El rostro de las FARC
El asesinato por las Fuerzas Armadas Revolucionarias de Colombia (FARC) de 10 de sus rehenes muestra el rostro verdadero de una organización comprometida en un tiempo muy remoto con una cierta idea de la justicia social y que hoy es una banda terrorista más. Dos de las víctimas eran el gobernador del departamento de Antioquia, Guillermo Gaviria, y el ex ministro de Defensa Gilberto Echeverri, secuestrados hace poco más de un año cuando encabezaban una marcha pacífica. Ambos estaban comprometidos con la no violencia y creían en una salida negociada a uno de los conflictos más antiguos y sangrientos del planeta.
La estrategia de las FARC consiste en acorralar al Gobierno de turno mediante hechos consumados que exijan una respuesta militar. Ése es su caldo de cultivo. Su macabra "justicia revolucionaria" ha llegado esta vez precisamente cuando el presidente Álvaro Uribe barajaba un intercambio humanitario de secuestrados -hay centenares- por guerrilleros presos. Los diez fusilamientos de Urrao (ocho de los asesinados eran militares) dinamitan cualquier posibilidad de entendimiento.
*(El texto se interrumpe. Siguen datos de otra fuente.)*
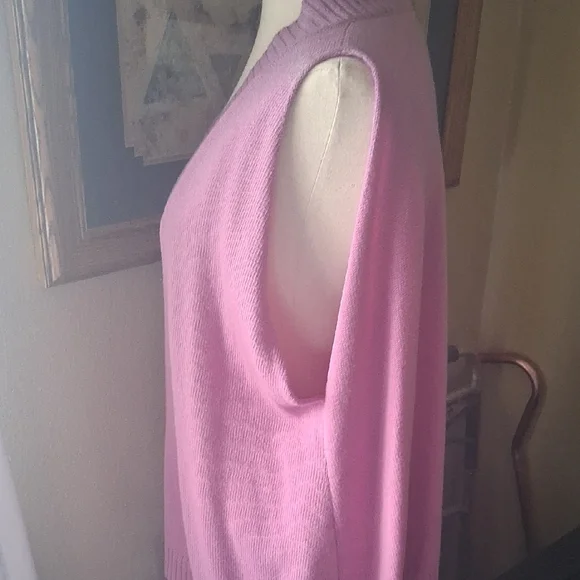 Chic V-Neck Pink Sweater Vest - Picture 3 of 4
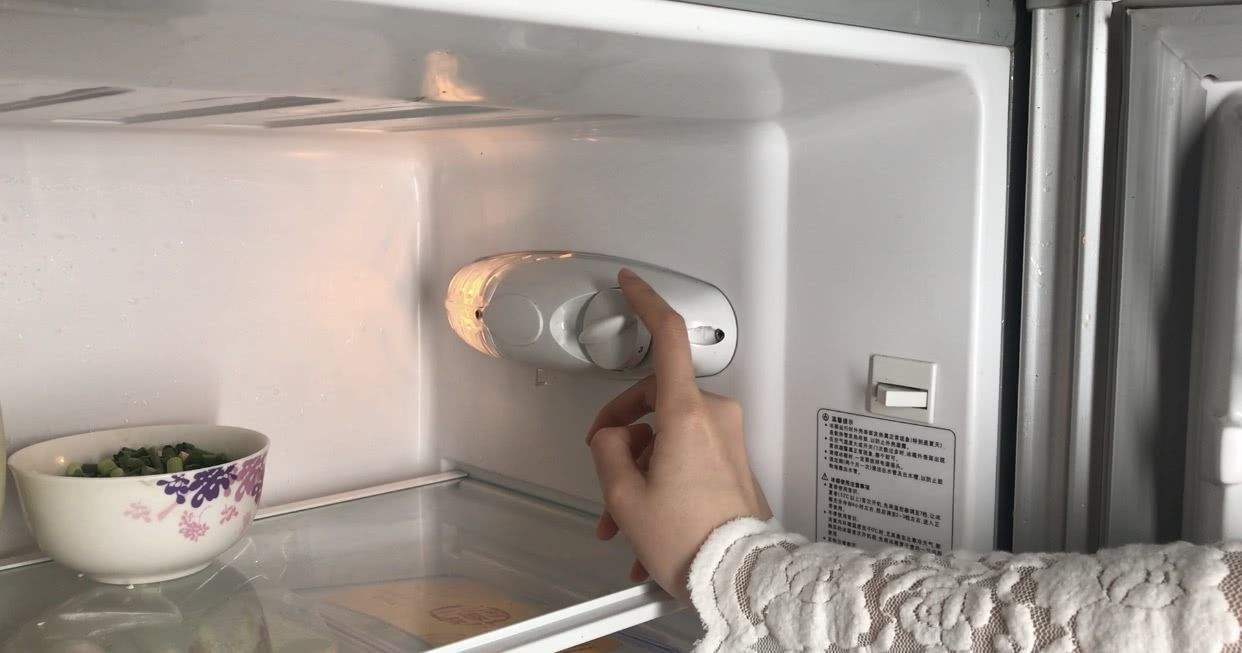 冰箱冷藏室结霜是怎么处理（冰箱冷藏室结霜是什么原因）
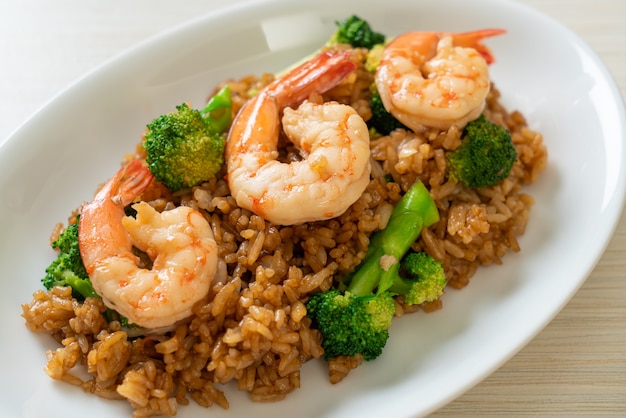 arroz frito con brócoli y gambas - Estilo de comida casera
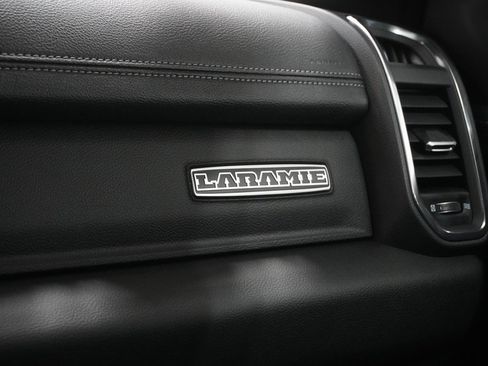 New 2025 RAM 1500 Laramie image 27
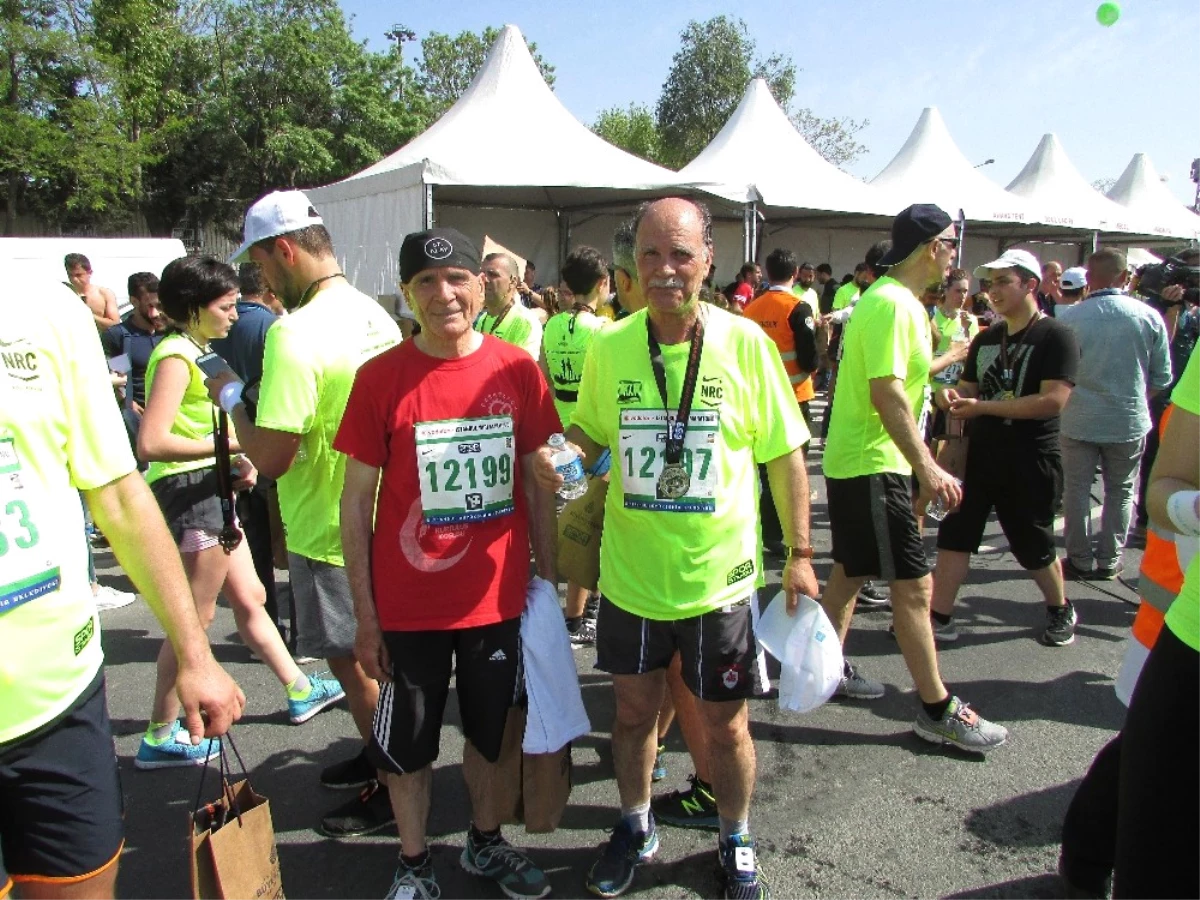 Çerkezköy\'ün İhtiyar Delikanlıları İstanbul Yarı Maratonuna Katıldı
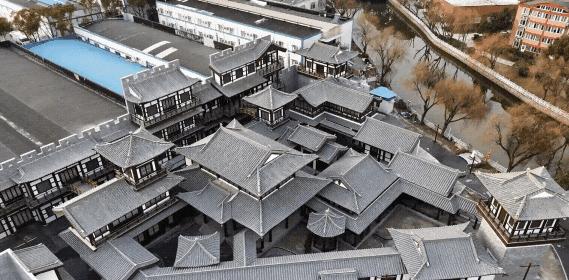 黑料：上海嘉定古装基地助力微短剧创新，隋唐风格外景片硬装完成
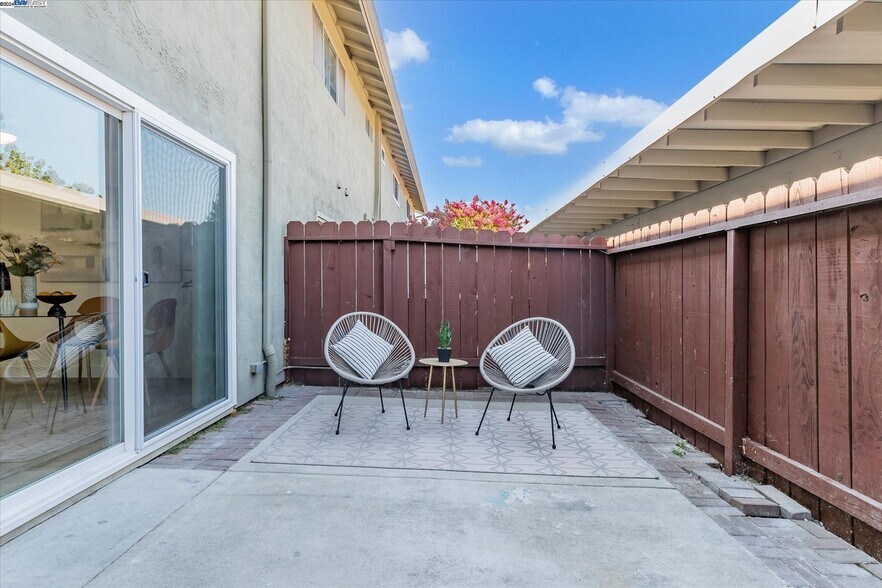 Building Photo - 4789 Saginaw Cir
Uribe, elegido hace un año por mayoría absoluta con un claro mandato antiterrorista, prometió ayer una caza sin cuartel contra Tirofijo y el Mono Jojoy, los jefes del mayor grupo armado de Latinoamérica.
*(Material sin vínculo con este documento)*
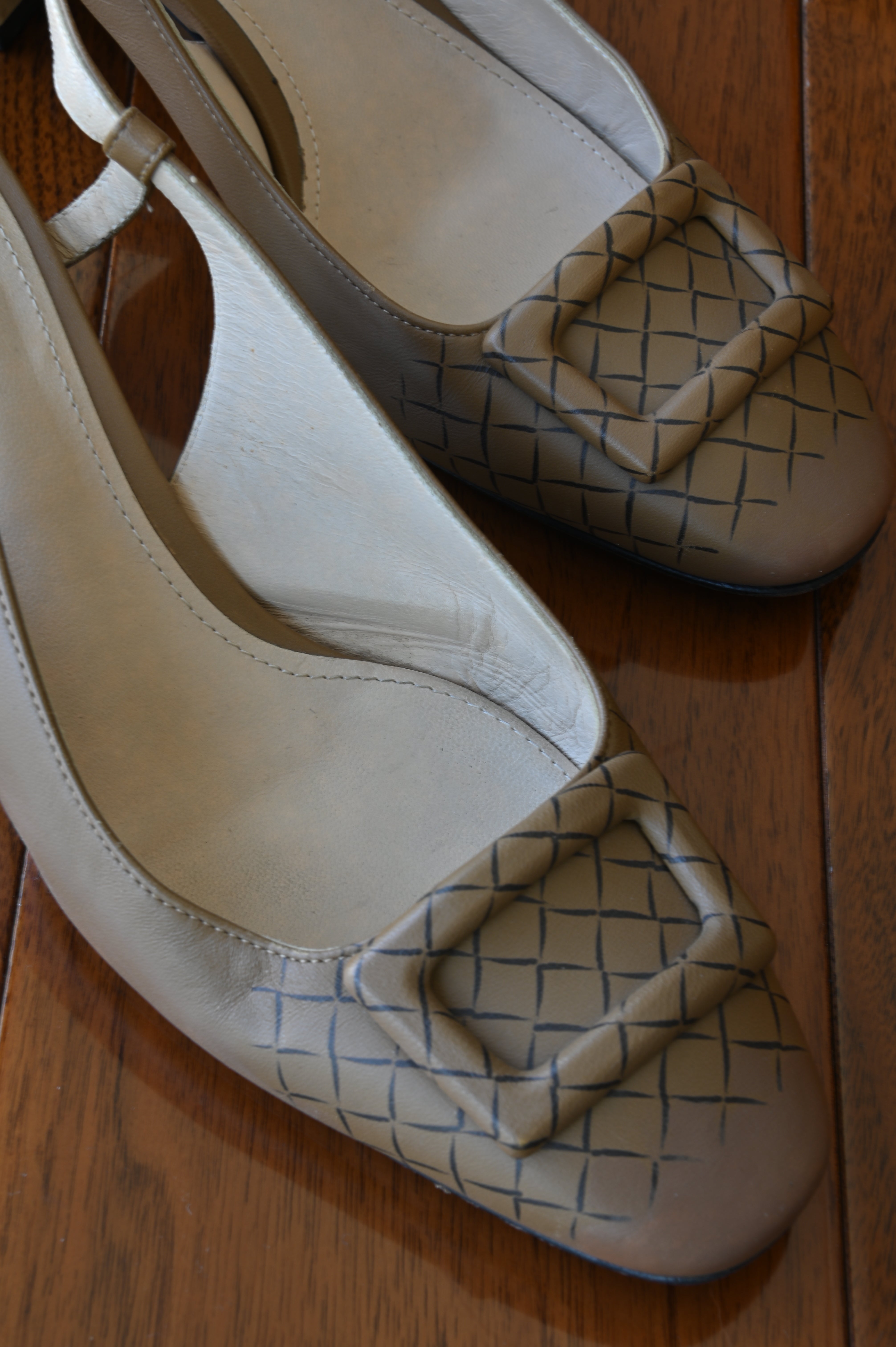 Bottega Veneta Light Brown Intrecciato Slingback Pumps front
Como otros muchos grupos que en su día abanderaron causas revolucionarias, las FARC -o el Ejército de Liberación Nacional, segunda facción guerrillera colombiana- han ido convirtiéndose en una banda de facinerosos sin otro objetivo que el de perpetuarse con las mismas herramientas (chantaje, asesinato, drogas, secuestro) que cualquier partida de pistoleros, como las ultraderechistas Autodefensas. En este tobogán hacia el envilecimiento absoluto, las FARC pretenden reclamar un espacio ético. Pero su sitio, como los hechos remachan, está en la lista de organizaciones terroristas internacionales: fueron incluidas en la de la Unión Europea, ahora se cumplirá un año, a petición de España, después de que exterminaran a 120 civiles en la aldea selvática de Boyajá. La paz es cara y Colombia la necesita desesperadamente, pero una democracia nunca consigue levantar la cabeza contemporizando con el asesinato.